Mom Ago and Far Away

Mom, Dad, Jimmie & Karen - 1950Mom, Dad, Jimmie & Karen - 1950I've been working on a family project that took me into the boxes of old pictures. This one stopped me in my tracks for a long, reflective view. It was taken in the summer of 1950 on the swing behind my grandparents' house in Niles, Ohio.

Dad would have just turned 25 and looks a little overwhelmed. Just four years previously he had returned to Ohio after serving with the Navy as it fought its way across the Pacific. He and Mom had been high school sweethearts and as soon as he returned, they got married and "got busy." Little Jimmie would turn 3 at the end of the summer and little Karen had just passed her first birthday.

My younger sister and brother had not yet made the scene, but this looks like it's already enough for Mom. I can see the dark circles under her eyes that show that she was not well at the time. But there's also a strength and a hopefulness there that carried her through the raising of eventually four kids, dealing with an eventually alcoholic husband and coping with all those other eventualities of history and circumstance that make life "what happens while you were making other plans." She was 26 years old.

But isn't that what Moms do? Isn't that why we celebrate them this weekend? They say that "home is the place where when you have to go there they have to take you in." And it's usually Mom who's there at the door.
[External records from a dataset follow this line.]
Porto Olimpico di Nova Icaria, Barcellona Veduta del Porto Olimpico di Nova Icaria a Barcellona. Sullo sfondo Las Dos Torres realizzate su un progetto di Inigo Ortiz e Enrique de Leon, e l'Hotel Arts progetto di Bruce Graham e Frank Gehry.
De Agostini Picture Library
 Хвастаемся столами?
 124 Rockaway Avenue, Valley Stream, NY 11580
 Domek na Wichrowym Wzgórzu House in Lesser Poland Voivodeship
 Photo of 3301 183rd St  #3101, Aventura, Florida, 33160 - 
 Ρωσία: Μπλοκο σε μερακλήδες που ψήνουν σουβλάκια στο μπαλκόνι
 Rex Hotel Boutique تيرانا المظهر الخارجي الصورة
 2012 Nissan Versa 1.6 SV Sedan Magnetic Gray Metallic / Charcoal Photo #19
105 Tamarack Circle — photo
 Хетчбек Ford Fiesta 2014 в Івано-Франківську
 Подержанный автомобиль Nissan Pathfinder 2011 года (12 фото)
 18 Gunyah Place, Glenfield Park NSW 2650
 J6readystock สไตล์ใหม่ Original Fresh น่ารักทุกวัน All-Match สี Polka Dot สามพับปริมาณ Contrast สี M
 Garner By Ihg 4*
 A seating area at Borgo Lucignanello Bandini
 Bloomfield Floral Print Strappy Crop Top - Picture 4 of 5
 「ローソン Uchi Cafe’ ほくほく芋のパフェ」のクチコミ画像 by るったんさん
I know some people have problematic, even abusive, mothers; and I have to admit that Mom and I had our share of knock down drag outs. But the steel you can see in her eyes was always there for me. And her Pollyanna optimism that got her through the Great Depression and all the rest that life threw her way is still with me as we struggle with our economy's latest challenges.

Mom's enjoying a healthy, happy, well-deserved retirement in Tucson, so I won't see her this weekend. But I'll have the good fortune to share Mother's Day celebrations with others at the Back Bay Cafe. Last year we had a regular customer call for reservations for "Two Mothers." Their kids weren't here, but we fussed over them and applauded their noble motherliness. It does take a village. And we salute the village's Mothers. Thanks!

...and Happy Mother's Day, Mom. I'll call you when I get done at the Cafe.